Flavor Profile: 4.5/5
Value Profile 4.5/5 (around $30/bottle)
Imagine spring flowers and baby lamb running around pastures. Now imagine that baby lamb roasted and surrounded by roasted garlic with rose petal essence. 2003 a hot year in Piedmont limited this wine to the more value-oriented tan label vineyards blend. Mores the better for us! It is sanguine red in the glass, yet still bright and clear enough to see through slightly, with a brickish and rose hue. The ruddy colors are further carried in the smell… Pungent red cherry, both dried and fresh red rose petals, tar and cola, all leap out and are apparent. There are some other dark scents that are somewhat masked by the perfume, tar, and cola; that I could not quite identify – potentially some clay earth and marrow. The flavors also mirrored the scents and this isn’t what I would qualify as a thinkers wine, but hold your doubts, bare your canines and tear in. Very red cherries, rose perfume and incense, tar and cola, marrow, and with a dusty dry red brick clay finish. While this maybe not a thinker’s wine; it is a good wine, and wolfishly I drank plenty. Definitely food friendly, it is grippy with its tannins, and it paired very well with the garlic and medium rare lamb with blood orange and potatoes with fennel it accompanied. It has a slight thickness to the mouth-feel and daring nature to it with the way it will grab your tongue if drank without food. Its felt to me as if a reduction of flavors, to concentrate them with a tannic and alcoholic lift or kick. Still its not the largest, neither most auspicious, nor most refined Barbaresco… however, a very good profile and value at its price. Still some floats around as well but it wont last long as the 04’s and 05’s are now available as well. Find your inner carnivore, let out a howl while pouring Produttori ’03, and feast. En Boca Lupo!
Flavor Profile: 4/5
Value Profile 4.5/5 ($26-28 for a Barbaresco – that should put a spring in your step)

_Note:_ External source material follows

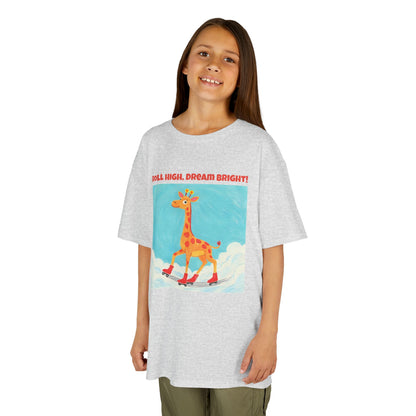 WORNWORD Kids Mid-Weight Tee - Giraffe "Roll High. Dream Bright!"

2007 Coteaux d'Aix en Provence Rosé, Commanderie de la Bargemone
I keep saying it; I’ll drink a rosé year round and there definitely is spring and summer encapsulated in many of these wines. This fine rosé hits that mark. Full of fresh green growth and new fruit, it seemed very much a warm spring wind out of some dry grassy gorge or off a farming plain. It’s from the Provence area of France and reflects the color of rosé I expect from there; coppery amber with a carnation pink hue. It has a scent I can only think of as dust and minerally chalk covered strawberries and raspberries, with a somehow contradictory bright clean lift at the end. It was a relaxing quaff of spring in the mouth… It reminded me of chewing on new green herbs and sweet grass, and then it transitioned to pure strawberry essence. That was of interest to me noting the palate transition from dry to off-dry as it progressed. The finish was dusty but lacked some acid to make this a truly great rosé of Provence. Lightly austere and different than some rosé you may be accustomed to; a good wine that is the dew on sweet grass with the scent and flavor of wild strawberry and its flowers. It should dully impress both rosé drinkers and those less familiar alike, especially paired with light seafood or grilled fare.
Flavor Profile: 4/5
Value Profile 4.5/5 ($12-14 is what you should find this for)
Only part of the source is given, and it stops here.